WASHINGTON – Leading members of the Senate Judiciary Committee Tuesday filed an amendment to the Wall Street reform legislation that will increase law enforcement resources to root out and prosecute financial and securities fraud, and will strengthen protections for whistleblowers who help expose financial fraud.  The amendment is sponsored by Senator Patrick Leahy (D-Vt.), the Committee’s chairman, and Senators Chuck Grassley (R-Iowa), Arlen Specter (D-Pa.) and Ted Kaufman (D-Del.).

“In these difficult economic times, we must make every effort to ensure accountability for the massive wave of fraud on Wall Street and beyond that has so undermined our economy, and we must protect taxpayers from ongoing fraud that could slow our economic recovery,” said Leahy.  “This amendment will help to ensure that those responsible for committing fraud in the financial industry are held fully accountable for their actions.”

“Part of reforming the financial system is making sure that the law is free of loopholes and ensuring that those who violated the law cannot escape justice,” Grassley said.  “Our amendment will help make sure that those who seek to do wrong are held accountable.”

“I’m pleased to join Senators Leahy, Grassley and Kaufman in proposing an amendment that, among other things, directs the U.S. Sentencing Commission to evaluate and amend the Sentencing Guidelines for securities and financial institution fraud, to reflect Congress’s intent that penalties for these offenses be increased,” said Specter.  “This amendment underscores the importance of sending people to jail as a deterrent to the very white collar crimes that helped facilitate the current recession.”
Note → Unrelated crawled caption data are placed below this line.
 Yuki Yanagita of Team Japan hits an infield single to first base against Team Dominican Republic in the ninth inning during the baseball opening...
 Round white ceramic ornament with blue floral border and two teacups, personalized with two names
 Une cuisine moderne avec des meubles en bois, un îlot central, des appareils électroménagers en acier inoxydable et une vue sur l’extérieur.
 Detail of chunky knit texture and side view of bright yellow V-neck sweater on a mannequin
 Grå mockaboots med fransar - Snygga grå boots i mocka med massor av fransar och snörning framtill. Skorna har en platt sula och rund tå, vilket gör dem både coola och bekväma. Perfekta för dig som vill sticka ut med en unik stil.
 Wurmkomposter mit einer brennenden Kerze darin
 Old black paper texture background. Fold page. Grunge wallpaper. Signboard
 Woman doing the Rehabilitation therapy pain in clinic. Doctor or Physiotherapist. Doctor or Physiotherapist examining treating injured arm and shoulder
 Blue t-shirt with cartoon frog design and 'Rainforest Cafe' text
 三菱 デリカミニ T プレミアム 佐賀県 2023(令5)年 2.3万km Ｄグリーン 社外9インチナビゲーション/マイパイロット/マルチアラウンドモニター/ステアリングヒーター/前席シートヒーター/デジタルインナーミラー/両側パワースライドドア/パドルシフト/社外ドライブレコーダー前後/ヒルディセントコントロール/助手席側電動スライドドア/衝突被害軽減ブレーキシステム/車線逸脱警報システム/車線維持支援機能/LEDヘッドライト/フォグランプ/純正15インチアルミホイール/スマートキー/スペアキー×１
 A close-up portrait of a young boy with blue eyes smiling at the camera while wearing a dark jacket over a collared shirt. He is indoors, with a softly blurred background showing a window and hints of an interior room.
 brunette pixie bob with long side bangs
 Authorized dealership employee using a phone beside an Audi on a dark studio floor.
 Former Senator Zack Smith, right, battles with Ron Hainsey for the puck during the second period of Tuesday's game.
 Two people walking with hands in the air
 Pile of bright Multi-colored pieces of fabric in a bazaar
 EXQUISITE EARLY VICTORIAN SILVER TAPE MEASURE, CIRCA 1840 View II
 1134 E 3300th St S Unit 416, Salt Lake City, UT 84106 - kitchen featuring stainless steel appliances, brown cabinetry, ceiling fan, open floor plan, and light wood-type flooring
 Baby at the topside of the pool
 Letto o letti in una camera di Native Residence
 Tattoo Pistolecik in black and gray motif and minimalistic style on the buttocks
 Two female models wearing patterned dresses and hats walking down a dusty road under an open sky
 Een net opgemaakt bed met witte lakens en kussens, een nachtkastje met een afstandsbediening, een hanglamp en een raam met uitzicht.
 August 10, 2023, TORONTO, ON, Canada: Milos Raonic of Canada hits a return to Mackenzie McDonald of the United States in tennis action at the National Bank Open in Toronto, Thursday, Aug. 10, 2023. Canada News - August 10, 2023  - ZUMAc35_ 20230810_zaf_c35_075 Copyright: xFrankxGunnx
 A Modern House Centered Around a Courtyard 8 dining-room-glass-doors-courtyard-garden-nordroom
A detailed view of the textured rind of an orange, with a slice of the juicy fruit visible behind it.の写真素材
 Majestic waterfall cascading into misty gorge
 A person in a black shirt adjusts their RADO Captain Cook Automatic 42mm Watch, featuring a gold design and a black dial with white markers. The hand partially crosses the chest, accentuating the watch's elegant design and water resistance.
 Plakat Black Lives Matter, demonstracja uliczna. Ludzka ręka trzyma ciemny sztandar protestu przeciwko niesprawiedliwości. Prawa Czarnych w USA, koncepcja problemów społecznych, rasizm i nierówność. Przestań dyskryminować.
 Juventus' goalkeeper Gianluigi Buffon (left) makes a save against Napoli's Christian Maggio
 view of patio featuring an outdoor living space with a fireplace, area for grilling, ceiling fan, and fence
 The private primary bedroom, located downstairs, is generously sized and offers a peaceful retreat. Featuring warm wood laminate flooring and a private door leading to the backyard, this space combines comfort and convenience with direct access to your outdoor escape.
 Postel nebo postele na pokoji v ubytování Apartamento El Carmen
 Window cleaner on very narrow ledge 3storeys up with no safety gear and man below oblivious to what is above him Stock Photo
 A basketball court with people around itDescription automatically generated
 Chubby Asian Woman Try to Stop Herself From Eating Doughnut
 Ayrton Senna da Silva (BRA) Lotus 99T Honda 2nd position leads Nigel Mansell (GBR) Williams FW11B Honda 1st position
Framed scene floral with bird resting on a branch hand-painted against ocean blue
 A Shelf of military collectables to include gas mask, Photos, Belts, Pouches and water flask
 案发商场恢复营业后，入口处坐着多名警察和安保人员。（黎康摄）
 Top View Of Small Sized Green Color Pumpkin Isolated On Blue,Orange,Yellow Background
“Through the Fraud Enforcement and Recovery Act, Congress has seen to it that there are more cops on the Wall Street beat. But we need to do more,” said Kaufman. “This amendment will help law enforcement efforts by providing prosecutors with tools they need to try the type of fraud that was at the heart of the financial crisis -- and send those who commit such fraud to jail for a long time.  It also adds key whistleblower protections for private citizens who dare to speak out against financial fraud.”

The amendment will increase sentences for securities fraud and bank fraud.  Sentences for these offenders are often shorter than those for other white collar offenders whose crimes result in similar loss amounts, and the amendment will close the gap.  The amendment will also promote criminal prosecutions by ensuring that regulators, investigators, and prosecutors coordinate to root out and investigate financial fraud.  The amendment also extends the statute of limitations for securities fraud, which is often difficult to identify and complicated to prosecute.

The amendment strengthens whistleblower protections that have been included in other recent legislation and complements those protections already included in the Wall Street reform legislation.  Whistleblowers serve an important role in exposing financial fraud.  The amendment will ensure that the proper incentives are in place to reward whistleblowers who step forward to report fraud and abuse, often at great risk to their careers.

The Senate is debating critical reforms to head off the Wall Street fraud and abuses that have so severely impacted the nation’s economy and financial institutions.  On Tuesday, the Senate Judiciary Subcommittee on Crime and Drugs held a hearing to examine whether financial institutions have a fiduciary duty to their clients, and whether those institutions should be criminally liable for violating that duty. 

The amendment will: 

  • Close the sentencing gap between securities fraud offenders and other white collar offenders
  • Direct the Sentencing Commission to review and amend the sentencing guidelines for securities and bank fraud
  • Protect criminal investigations by ensuring that regulators, investigators and prosecutors work together to stop financial fraud
  • Require regulators to consult with prosecutors to ensure that important regulatory steps do not inadvertently undermine criminal investigations and prosecutions
  • Ensure that proper incentives are in place to reward whistleblowers who step forward to report fraud and abuse
  • Allow those who move money overseas to evade tax laws to be charged with money laundering, which can result in increased charges and sentences
  • Extend the current statute of limitations for criminal prosecution of federal securities fraud offenses from five to six years, the current statute of limitations for tax evasion

Last year, Leahy, Grassley and Kaufman authored the Fraud Enforcement and Recovery Act, the most significant anti-fraud legislation in more than a decade.  It was signed into law in May 2009.  Leahy also worked to include anti-fraud measures in the health reform legislation passed earlier this year.